═════ Dataset content

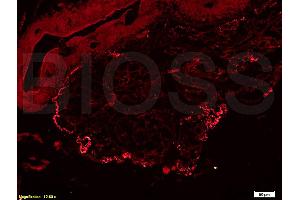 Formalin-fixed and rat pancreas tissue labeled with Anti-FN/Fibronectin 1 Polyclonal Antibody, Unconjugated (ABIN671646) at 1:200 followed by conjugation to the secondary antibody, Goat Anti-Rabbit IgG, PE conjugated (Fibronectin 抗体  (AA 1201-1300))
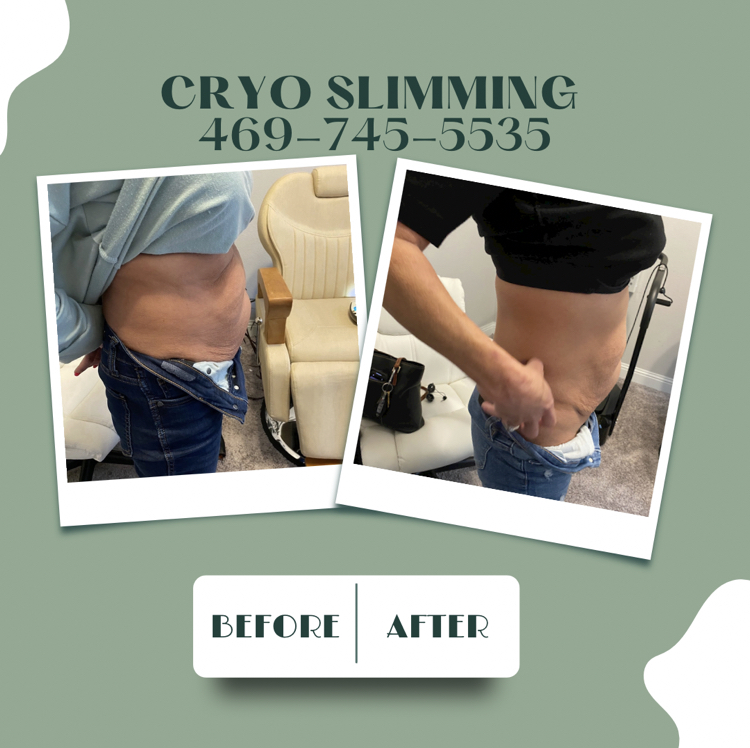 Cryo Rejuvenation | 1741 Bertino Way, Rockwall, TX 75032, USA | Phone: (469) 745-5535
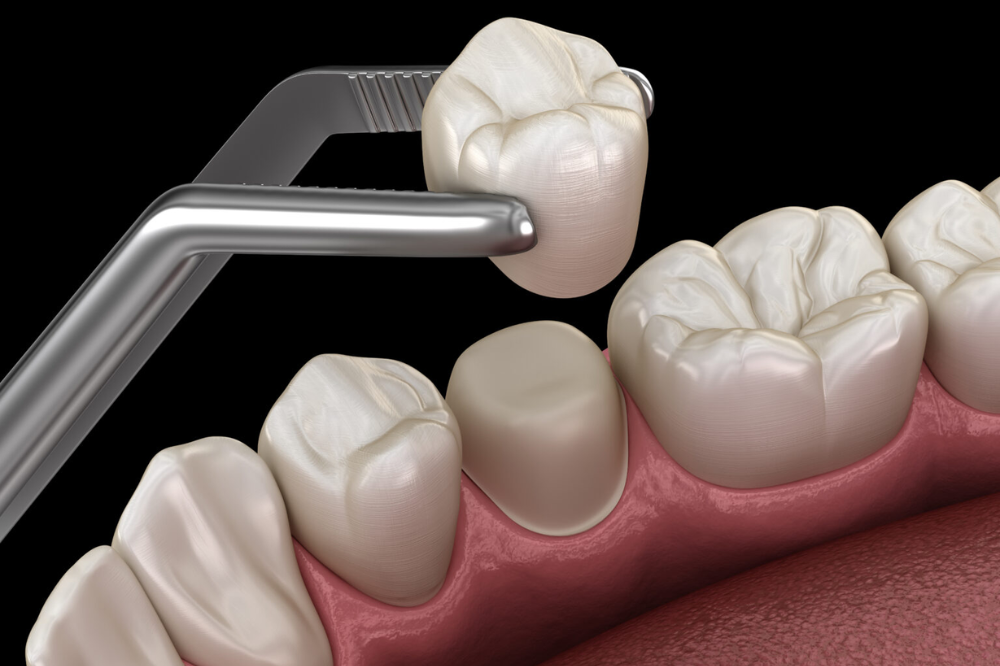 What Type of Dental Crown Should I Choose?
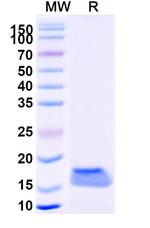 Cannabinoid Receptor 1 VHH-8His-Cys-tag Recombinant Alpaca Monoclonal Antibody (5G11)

══════════

• _Task to complete_: What you give back must be the data above, reproduced exactly and free of pictures.

• _Output of the task_:
 Formalin-fixed and rat pancreas tissue labeled with Anti-FN/Fibronectin 1 Polyclonal Antibody, Unconjugated (ABIN671646) at 1:200 followed by conjugation to the secondary antibody, Goat Anti-Rabbit IgG, PE conjugated (Fibronectin 抗体  (AA 1201-1300))
 Cryo Rejuvenation | 1741 Bertino Way, Rockwall, TX 75032, USA | Phone: (469) 745-5535
 What Type of Dental Crown Should I Choose?
 Cannabinoid Receptor 1 VHH-8His-Cys-tag Recombinant Alpaca Monoclonal Antibody (5G11)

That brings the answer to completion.